Author here. This is a challenging one, because it is intimately related to what is acceptable or not to your users.

By default you could say that if the storage mechanism must be up and available and it isn't, then the front-end shouldn't be responsive and it should crash.

You could also say that you want the front-end app to be available if the storage layer is offline. This has two possible consequences:

a) you disconnect the front-end and the back-end so that they do not depend on each other. This can be done either through application strategies (you can define the storage app as 'transient' so it can fail without shutting down the system) or by putting the front-end on a different Erlang node.

The latter means that your dependency on the storage back-end is not as direct as it seems.

b) this is my preferred solution, and it requires you to rework what you think of as 'depends on'. If you expect the storage layer to fail and that you must be able to service the front-end anyway, then the architecture demoed in the presentation needs an asterisk.

The reason for this is that the dependency as described crashes if the database is not available, because the storage subtree acts as a proxy for 'the database'. The OTP structure encodes 'my database is available'.

I can rework that requirement to mean 'the storage layer is up and ready to talk to a database'. This is a huge change because it no longer promise the DB is available, it promises that something whose job it is to talk to the DB is available.

You can then change your interface accordingly. I go into some more detail about this in "It's about the guarantees" http://ferd.ca/it-s-about-the-guarantees.html

In a nutshell, the difference in both initialization and supervision approaches is that in the one described in b), the client's callers make the decision about how much failure they can tolerate, not the client itself. The client making the decisions is what is described in the presentation.

Sadly I could not fit all of that and the compromise of supervision structures within the hour I had allocated for my presentation, so this comment and the side-blog post ought to do (I've also put that material in Erlang in Anger, if you happen to grab that free ebook).

davidw · on Feb 8, 2016

I wish more people would talk about this kind of thing in the Erlang world. Supervision trees are nice, but there are real-world examples like the above where it's not quite so cut-and-dried, and some additional design is required. Each of your proposed solutions involves compromises, costs, and benefits of their own that may not be obvious to someone new to Erlang.

The insight of people such as yourself who have already run into these problems is very valuable to those of us with less experience.

Thanks!

mononcqc · on Feb 8, 2016

I think a lot of these things are experience-related, or usually cemented within a specific implementation. A lot of people may apply these principles correctly because that's what they find works best, without necessarily bringing it to a conscious level, or to a level of explicitness that makes it easy to teach or use.

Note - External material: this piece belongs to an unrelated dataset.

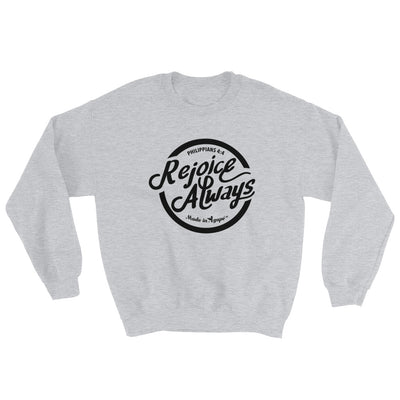 Rejoice Always - Women's Sweatshirt-Sport Grey-S-Made In Agapé
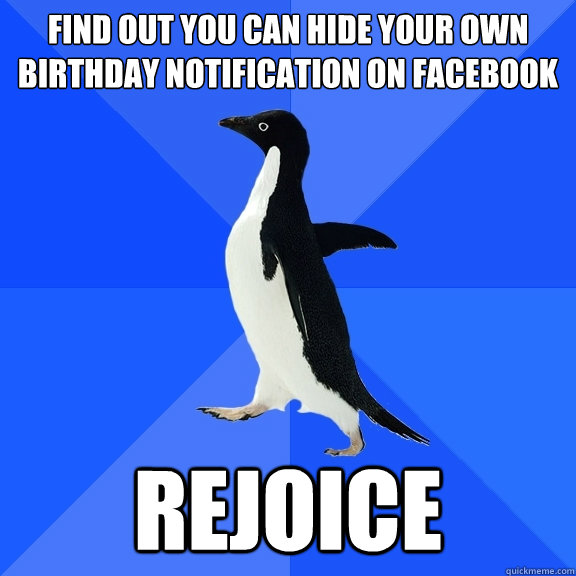 Find out you can hide your own birthday notification on Facebook Rejoice  Socially Awkward Penguin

Garrett Smith is starting to hit on that with http://www.erlangpatterns.org/ and trying to broadcast that kind of information to the rest of the community, but I'm guessing participation hasn't been strong enough to help (I know I haven't participated enough to that website personally)

agumonkey · on Feb 8, 2016

Having an independent failure system to take place as interface ?

hprx · on Feb 9, 2016

http://tjheeta.github.io/2014/12/24/elixir-external-process-...

Someone has also written a library for this, but I've forgotten where it is.